The Associated Press

WOODBINE, Ga.- A sheriff's deputy shot and killed a rifle-wielding motorist who led him on a high-speed chase, then pulled over and approached the officer with his gun drawn.

Authorities on Monday released a videotape of the Nov. 15 confrontation along Interstate 95. A sheriff's department spokesman said Tuesday they released the tape to set the record straight and show the deputy had no choice but to shoot the man, Charles Lee Lamb Jr.

The deputy had been conducting a routine traffic stop when a motorist pulled over and said he saw a man in a red pickup truck pointing a rifle at other drivers, said Lt. William Terrell, of the Camden County Sheriff's Department.

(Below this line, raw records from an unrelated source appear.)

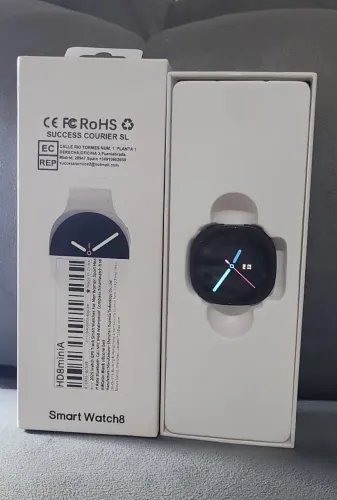 Smartwatch HD8 Mini A Tela HD | Bluetooth, Chamadas, Monitor Cardíaco, NFC, IP68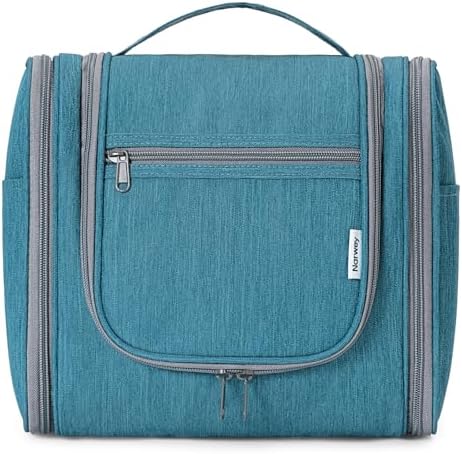 Narwey Large Blue Leaf Hanging Toiletry Bag for Women Travel and Men Cosmetics Organizers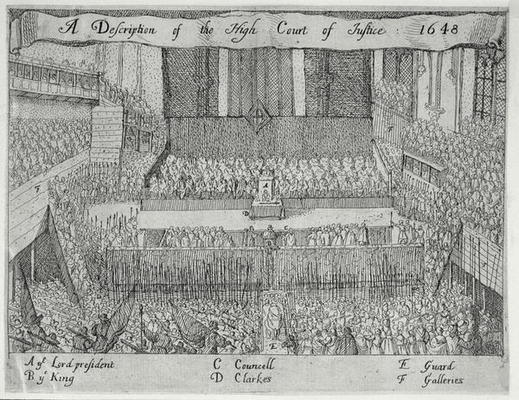 A Description of the High Court of Justice (The Trial of Charles I) (engraving) von English School, (17th century)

Deputy James Gregory Coffel caught up with the truck and pulled it over, Terrell said. Lamb, 47, of Orange Park, Fla., got out but refused to drop the .30-caliber rifle.

Lamb fired a shot, then got back into his truck and led the deputy on a high-speed chase.

Lamb then pulled over again, and the videotape from the dashboard camera shows him walking erratically toward the deputy's car with the rifle pointing straight ahead. Lamb moves off camera, and a shot is heard. Terrell said Lamb refused again to drop the weapon, and the deputy shot and killed him.

Coffel, 27, remained on administrative leave Tuesday until an investigation is complete.

Video: http://www.news4jax.com/news4georgia/5376421/detail.html


----------



## mpd61 (Aug 7, 2002)

WOW!!!!

Talk about plenty of chances to put the gun down! YIKES8O


----------